William left us with a recorded will, a rare revelation hinting at how some of our people lived. (I find almost nothing similar from the Farrell side.) William's Find-A-Grave entry reads:





William purchased 150 acres of land in Garrard County, KY in 1816. The land was located on the water of the White Lick Fork of Paint Lick Creek. It appears that this land was eventually sold by the heirs of William Clark in 1839. William made a will dated June 2, 1822 in which were mentioned his father John Clark, his mother Milly Clark, his wife Sarah, and his sons John, Meredith, George and William. The will was recorded in July, 1822.


The will left his father John and his mother Milly the plantation where they lived including the farm with 40 acres of land, also half of the horse mill, likewise the sugar camp that they now make use of during their material lives. To his wife Sarah the balance of his plantation during her material life and after her death the property to be sold and equally divided among all his children except his oldest son John who is to only have $10 of his estate. His wife is also to have all his cattle, hogs and sheep, but the colt his son Meredith is to have.
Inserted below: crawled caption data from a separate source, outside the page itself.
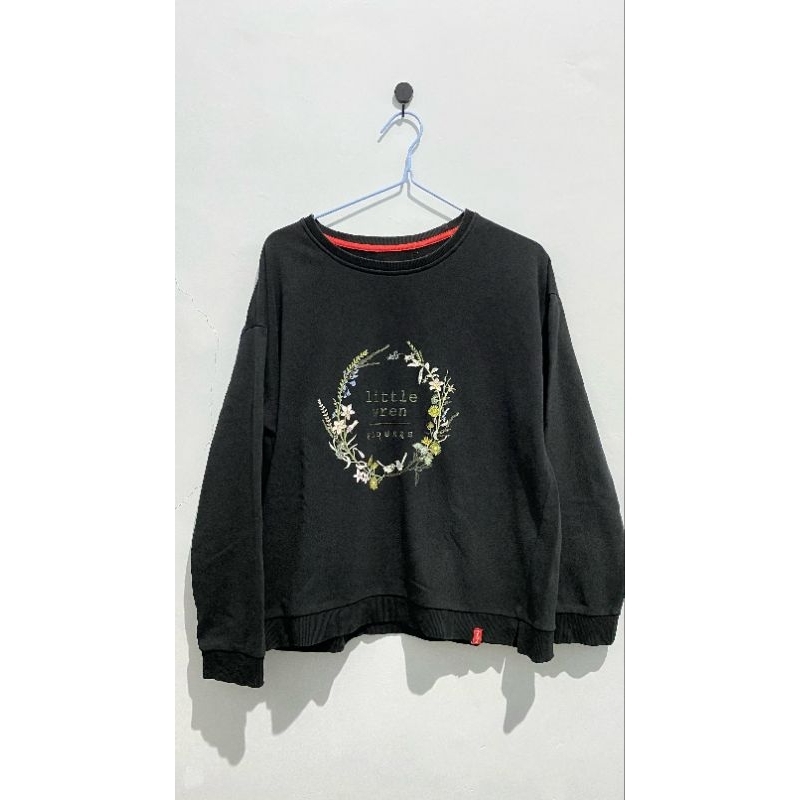 crewneck hitam wanita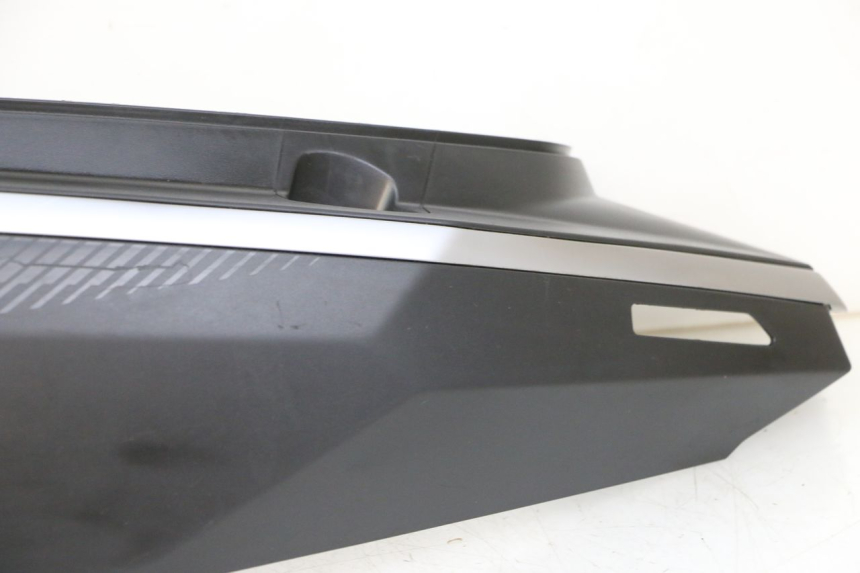 photo de FLANC POSTERIORE SINISTRO PEUGEOT TWEET 4T 50 (2023 - 2025)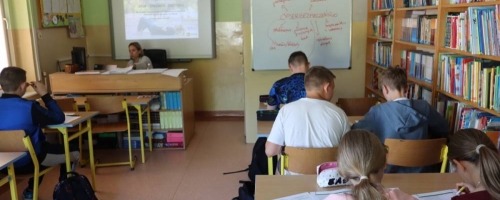 Udział w programie edukacyjnym „Zwolnij, zanim klikniesz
His wife is to have the household and kitchen furniture and at her death it is to be sold and divided among all his children except John. His son George is to have all his smith tools, and his son John is to have his whip saw. After the death of John and Milly Clark the 40 acres of land should be sold and William's two youngest sons, Meredith and William, should have $15 each more than the rest as an extra, the balance of the money to be divided equal with them and all the rest of his children. His wife is also to have one log cabin, two axes and one iron (?). The witnesses to the will were Coleman Haley and John D. Stephens. Burial site unknown, but buried in Garrard County, Kentucky.


It is clear that William died young in 1822 even though we have no recorded birth date. This explains the anomaly of his leaving part of his estate to his parents.  His father outlived him by about 14 years. We have nothing to account for the (insulting?)  pittance he left his oldest son, John.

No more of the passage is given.